Russian spy: Skripal case highlights UK's Russia dilemma

Sergei Skripal in Moscow court. Photo: August 2006 Image copyright Moscow District Military Court/TASS
Image caption Col Skripal was convicted of "high treason in the form of espionage" by Moscow's military court in August 2006

The mystery illness that has afflicted former Russian agent Sergei Skripal and his daughter has prompted UK Foreign Secretary Boris Johnson to note that the case has "echoes" of the assassination of Alexander Litvinenko who was poisoned with radioactive material in London in 2006.

A British public inquiry concluded in 2016 that Russian agents had murdered Litvinenko and that Russian President Vladimir Putin himself "probably approved" the operation.

Of course, we do not know yet the reason for the Skripals' mystery symptoms.

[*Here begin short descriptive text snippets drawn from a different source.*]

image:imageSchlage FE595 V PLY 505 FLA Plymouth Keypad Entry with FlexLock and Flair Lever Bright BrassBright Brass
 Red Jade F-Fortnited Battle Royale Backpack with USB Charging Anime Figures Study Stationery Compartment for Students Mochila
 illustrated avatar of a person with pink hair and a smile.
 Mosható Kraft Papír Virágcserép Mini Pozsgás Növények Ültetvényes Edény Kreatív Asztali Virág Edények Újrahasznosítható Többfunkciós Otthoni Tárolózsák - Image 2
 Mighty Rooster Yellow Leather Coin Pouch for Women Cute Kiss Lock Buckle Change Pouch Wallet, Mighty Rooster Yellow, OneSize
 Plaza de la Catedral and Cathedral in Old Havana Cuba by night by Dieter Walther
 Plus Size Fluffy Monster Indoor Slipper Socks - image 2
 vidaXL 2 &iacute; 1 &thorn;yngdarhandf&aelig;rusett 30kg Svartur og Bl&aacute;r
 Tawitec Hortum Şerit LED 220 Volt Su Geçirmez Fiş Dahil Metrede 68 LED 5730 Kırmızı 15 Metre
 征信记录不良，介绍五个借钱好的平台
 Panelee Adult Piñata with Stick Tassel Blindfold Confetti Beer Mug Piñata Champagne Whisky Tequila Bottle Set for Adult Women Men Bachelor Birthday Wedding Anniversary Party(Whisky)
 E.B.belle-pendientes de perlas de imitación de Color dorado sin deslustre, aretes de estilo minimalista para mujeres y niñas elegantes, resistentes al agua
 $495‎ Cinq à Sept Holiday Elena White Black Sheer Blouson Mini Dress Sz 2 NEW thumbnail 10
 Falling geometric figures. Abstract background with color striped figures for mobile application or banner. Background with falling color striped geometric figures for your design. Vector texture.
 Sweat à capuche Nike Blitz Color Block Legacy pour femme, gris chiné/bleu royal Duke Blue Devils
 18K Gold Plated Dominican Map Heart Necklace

The Russian Embassy in London has denied that their country has had any role.

Mr Johnson has insisted that Britain will respond "robustly" if evidence of state involvement emerges, describing Russia as "in many respects a malign and disruptive force".

If Russian involvement is found, the foreign secretary appeared to raise a question mark over England's participation in the World Cup, which will be held in Russia this summer. Though subsequently, British officials were at pains to stress he was referring to official representation rather than a boycott by the football team itself.

But his remarks highlight the dilemma facing the UK government in dealing with Moscow. It has few diplomatic levers to pull.

Image copyright Getty Images
Image caption Alexander Litvinenko fell ill after meeting former KGB contacts in London in 2006

Relations are already frosty - a hang-over from the Litvinenko affair, compounded by serious differences over Russian policies in Ukraine and Syria, let alone Russia's more aggressive noises towards Nato countries in central and northern Europe.

It is hard to see what further steps might be taken to encourage a shift in policy in the Kremlin and certainly not by the United Kingdom alone.

Since the Litvinenko affair, British policy towards Russia has swung back and forth.

Relations went into the freezer in the wake of the assassination, with diplomats expelled and intelligence co-operation halted.

Distracted by Brexit?

David Cameron's government introduced a partial thaw driven by a desire to maximise trade opportunities - perhaps a forerunner of the sorts of concerns that may loom much larger once the UK leaves the European Union.

The Ukraine crisis though proved a major set-back with Britain at the forefront of calls for tough economic sanctions against Moscow.

The outcome of the public inquiry into the Litvinenko affair only confirmed the government's suspicions of a direct official role in the killing.

Progress towards a nuclear deal with Iran, in which Russia played a key role, helped to soften some criticism of the Kremlin, but Moscow's growing military role in Syria and its indiscriminate bombing campaign there worsened tensions again.

Now Russia and the United States seem to be engaged in a mini-nuclear arms race again; tensions between Nato and Russia are growing; and the UK is in any case distracted by its plans to withdraw from the EU.

Should this latest case raise credible suspicions of a Russian official role, London may struggle to find an effective response.

Relations are already bad and everything that was done in response to the Litvinenko affair may have failed to fundamentally alter Russian behaviour.